(Given records Opens)

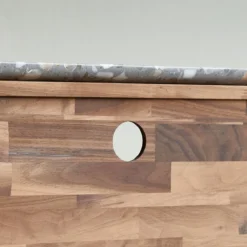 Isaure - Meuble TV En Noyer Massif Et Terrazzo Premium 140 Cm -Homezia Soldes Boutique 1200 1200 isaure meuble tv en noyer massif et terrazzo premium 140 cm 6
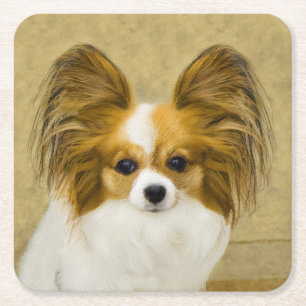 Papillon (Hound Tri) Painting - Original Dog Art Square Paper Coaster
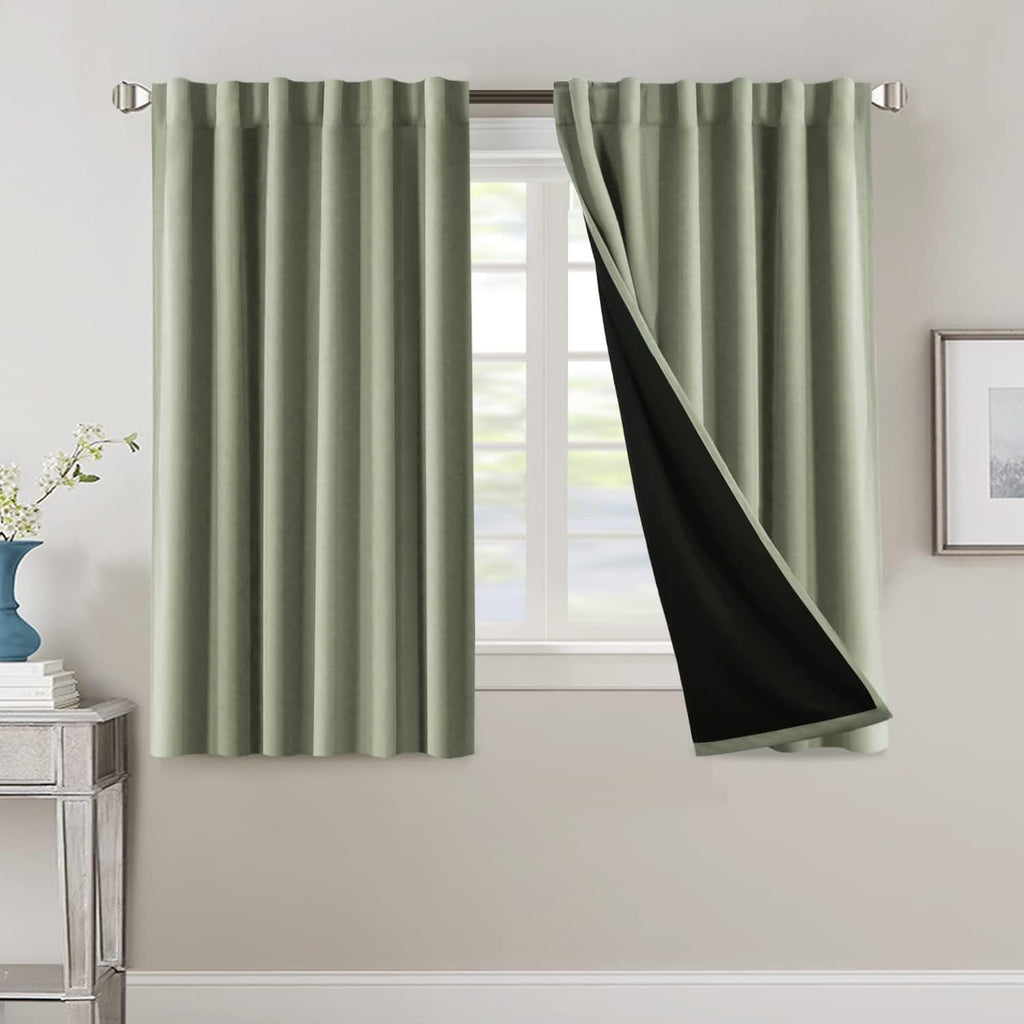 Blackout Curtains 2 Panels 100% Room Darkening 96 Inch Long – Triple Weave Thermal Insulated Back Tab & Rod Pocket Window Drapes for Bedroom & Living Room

(Given records Closes)
(Given records Opens)

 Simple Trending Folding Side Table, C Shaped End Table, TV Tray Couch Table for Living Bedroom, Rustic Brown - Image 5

(Given records Closes)
(Given records Opens)

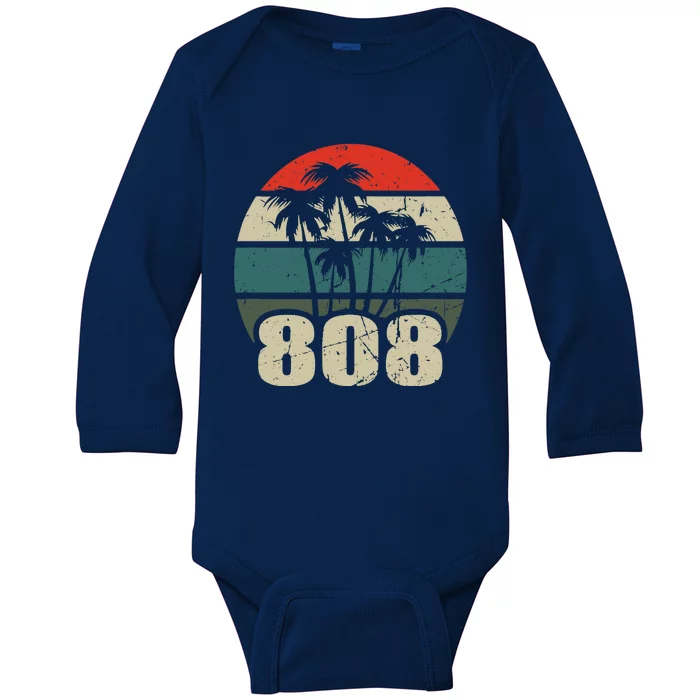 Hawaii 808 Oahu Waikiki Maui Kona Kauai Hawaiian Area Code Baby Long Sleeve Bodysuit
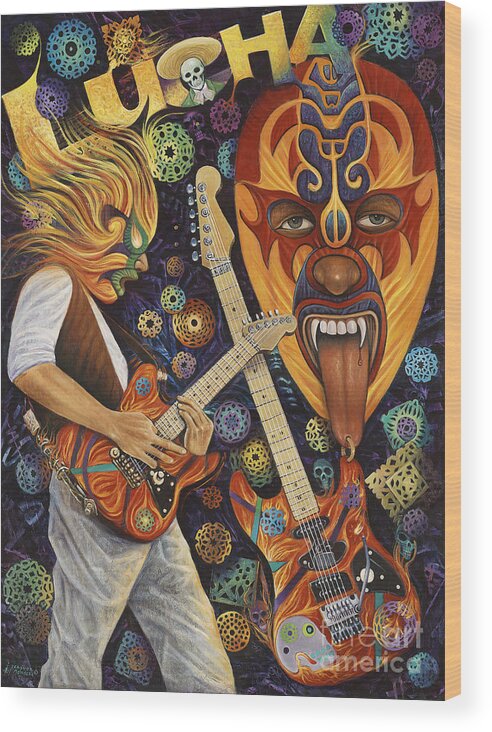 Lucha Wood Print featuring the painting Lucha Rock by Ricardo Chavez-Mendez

(Given records Closes)

▶ Required action
Extract, without any images, the part of the material above that opens with the line containing "Papillon (Hound Tri)" and closes with the line containing "Blackout Curtains 2", both lines included.

▶ Exercise result
 Papillon (Hound Tri) Painting - Original Dog Art Square Paper Coaster
 Blackout Curtains 2 Panels 100% Room Darkening 96 Inch Long – Triple Weave Thermal Insulated Back Tab & Rod Pocket Window Drapes for Bedroom & Living Room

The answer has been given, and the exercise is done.